Postprocessing

This module contains functions to postprocess results.

class GPSat.postprocessing.SmoothingConfig(l_x: int | float = 1, l_y: int | float = 1, max: int | float = None, min: int | float = None)

Bases: object

Configuration used for hyperparameter smoothing.

Attributes:
l_x: int or float, default 1

The lengthscale (x-direction) parameter for Gaussian smoothing.

l_y: int or float, default 1

The lengthscale (y-direction) parameter for Gaussian smoothing.

max: int or float, optional

Maximal value that the hyperparameter can take.

min: int or float, optional

Minimal value that the hyperparameter can take.

Notes

This configuration is used to smooth 2D hyperparameter fields.

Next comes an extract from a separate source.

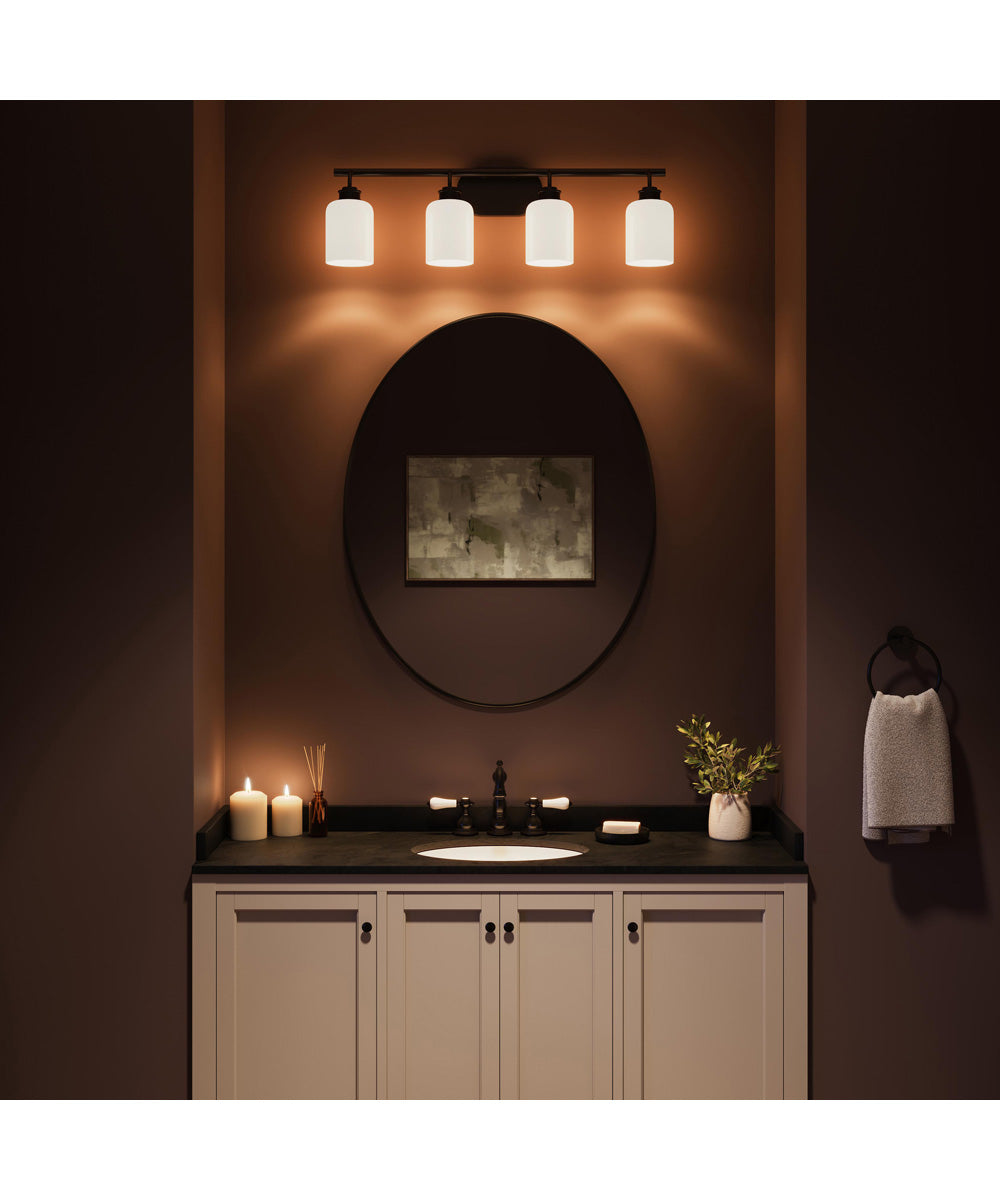 Reines 4-Light Bath Vanity with Opal Glass Shades Matte Black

GPSat.postprocessing.smooth_hyperparameters(result_file: str, params_to_smooth: List[str], smooth_config_dict: Dict[str, SmoothingConfig], xy_dims: List[str] = ['x', 'y'], reference_table_suffix: str = '', table_suffix: str = '_SMOOTHED', output_file: str = None, model_name: str = None, save_config_file: bool = True)

Smooth hyperparameters in an HDF5 results file using Gaussian smoothing.

Parameters:
result_file: str

The path to the HDF5 results file.

params_to_smooth: list of str

A list of hyperparameters to be smoothed.

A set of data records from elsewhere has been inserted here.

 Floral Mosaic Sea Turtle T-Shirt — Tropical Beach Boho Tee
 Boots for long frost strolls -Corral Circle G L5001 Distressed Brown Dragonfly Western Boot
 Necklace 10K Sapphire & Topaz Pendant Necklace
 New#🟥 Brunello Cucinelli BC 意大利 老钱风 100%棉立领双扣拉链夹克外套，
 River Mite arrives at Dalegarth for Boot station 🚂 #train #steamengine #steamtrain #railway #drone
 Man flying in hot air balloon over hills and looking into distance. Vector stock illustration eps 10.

smooth_config_dict: Dict[str, SmoothingConfig]

A dictionary specifying smoothing configurations for each hyperparameter. This should be a dictionary where keys are hyperparameter names, and values are instances of the SmoothingConfig class specifying smoothing parameters.

xy_dims: list of str, default [‘x’, ‘y’]

The dimensions to use for smoothing (default: ['x', 'y']).

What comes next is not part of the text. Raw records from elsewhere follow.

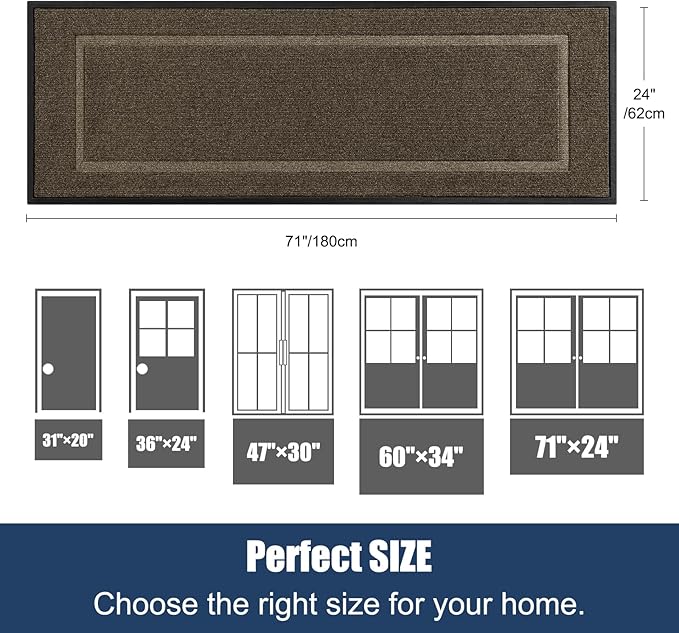 Extra Large Front Door Mat Outside Entrance Indoor Doormat, 71" x 24" Outdoor Mats for Patio Waterproof, Outdoor Door Mats for Outside Entry, Indoor Rugs for Entryway, Sturdy Natural Rubber, Begie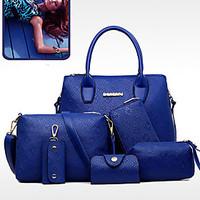 Women PU Barrel Shoulder Bag / Tote / Satchel / Clutch - White / Blue / Gold / Black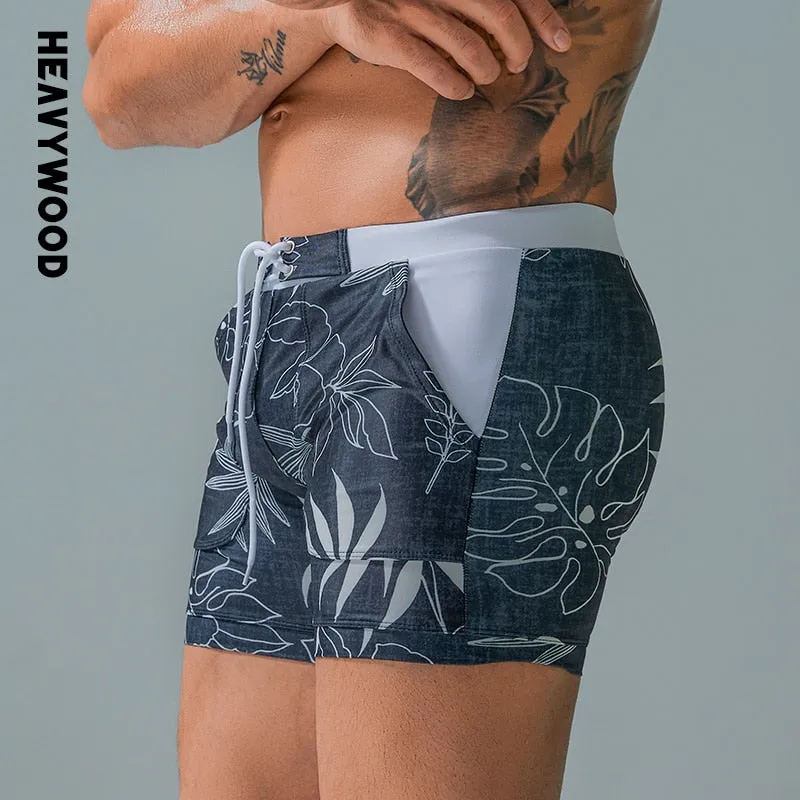 Heavywood Summer Men&#39;s Beach Swimming Trunks Drawstring Elastic Waist Swimsuit Shorts Man Plus Size Quick Drying Swimwear Shorts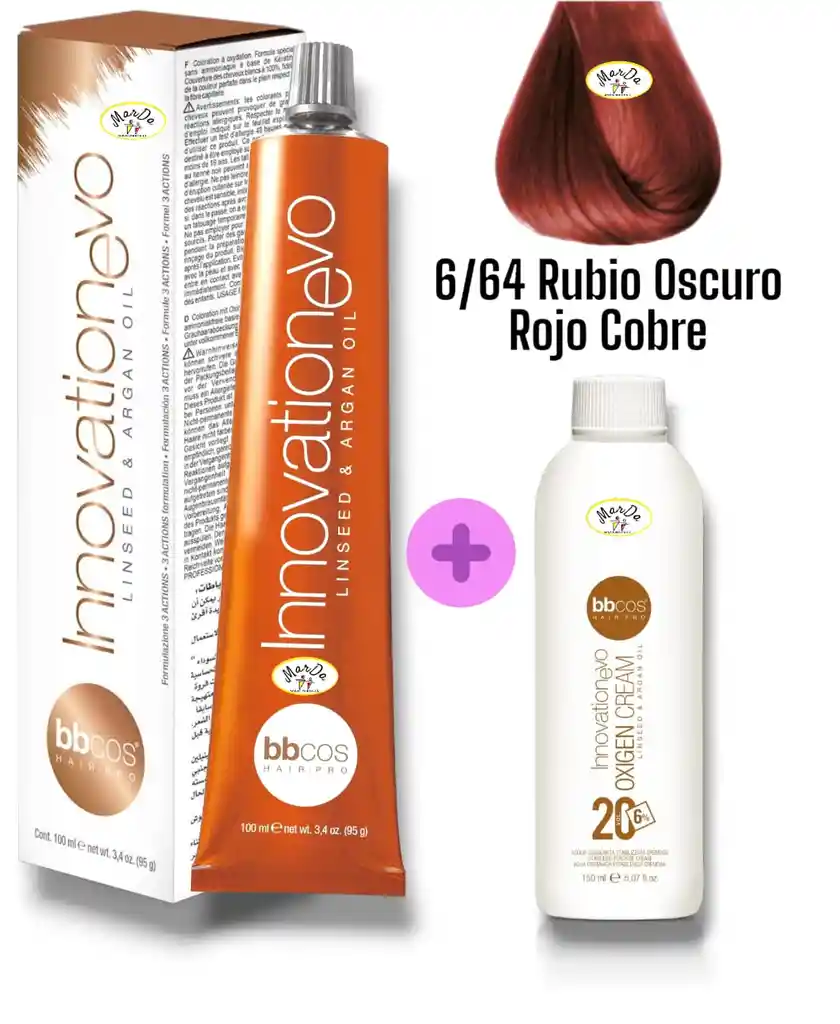 6/64 Rubio Oscuro Rojo Cobre Tintura Innovationevo 100 Ml + Agua Oxigenada 20 V Bbcos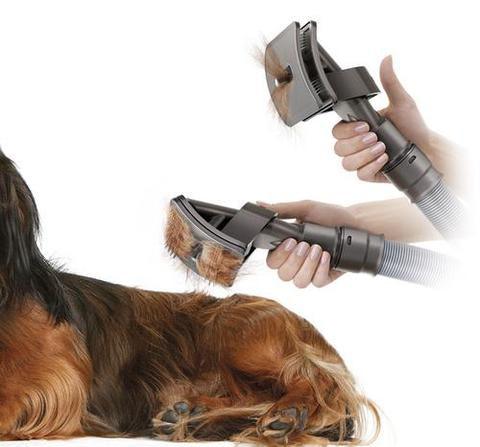 Deep grey vacuum pet grooming brush attachment with fine wire bristles for dogs and cats — view 4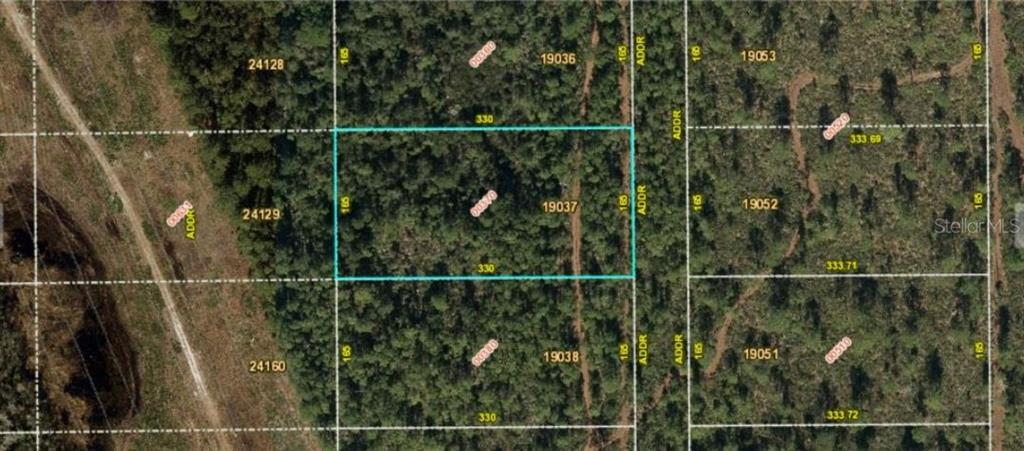 This is an aerial map showing a rectangular plot of land outlined in blue — FORT CHRISTMAS ROAD, ORLANDO, FL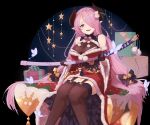  christmas cleavage granblue_fantasy horns narumeia_(granblue_fantasy) pointy_ears saliu stockings sword thighhighs 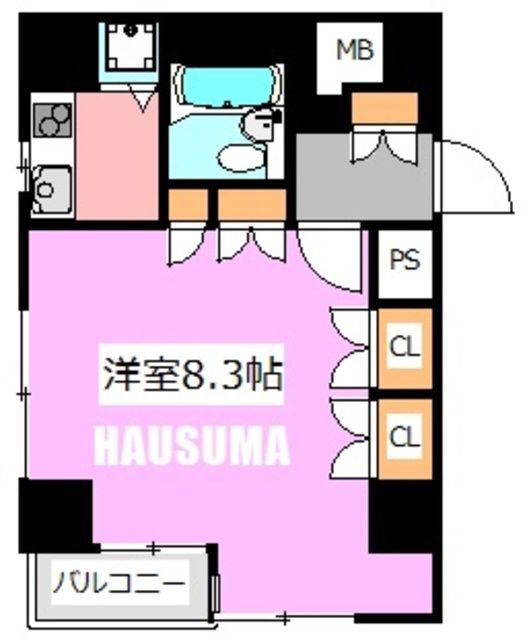 イトーピアアクシス千駄木(1K/9階)の間取り写真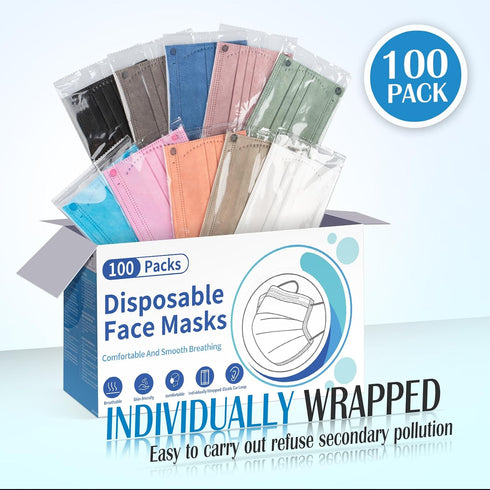 100 Pack 4 Disposable Face Mask For Adults - Travel Essentials, Individually Wrapped, Ply Protection,Safety Masks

reference_table_suffix: str, default “”

The suffix to use for reference table names (default: "").

table_suffix: str, default “_SMOOTHED”

The suffix to add to smoothed hyperparameter table names (default: "_SMOOTHED").

output_file: str, optional

The path to the output HDF5 file to store smoothed hyperparameters.

model_name: str, optional

The name of the model for which hyperparameters are being smoothed.

save_config_file: bool, optional

Whether to save a configuration file for making predictions with smoothed values.

Returns:
None

Notes

  • This function applies Gaussian smoothing to specified hyperparameters in an HDF5 results file.

  • The output_file parameter allows you to specify a different output file for storing the smoothed hyperparameters.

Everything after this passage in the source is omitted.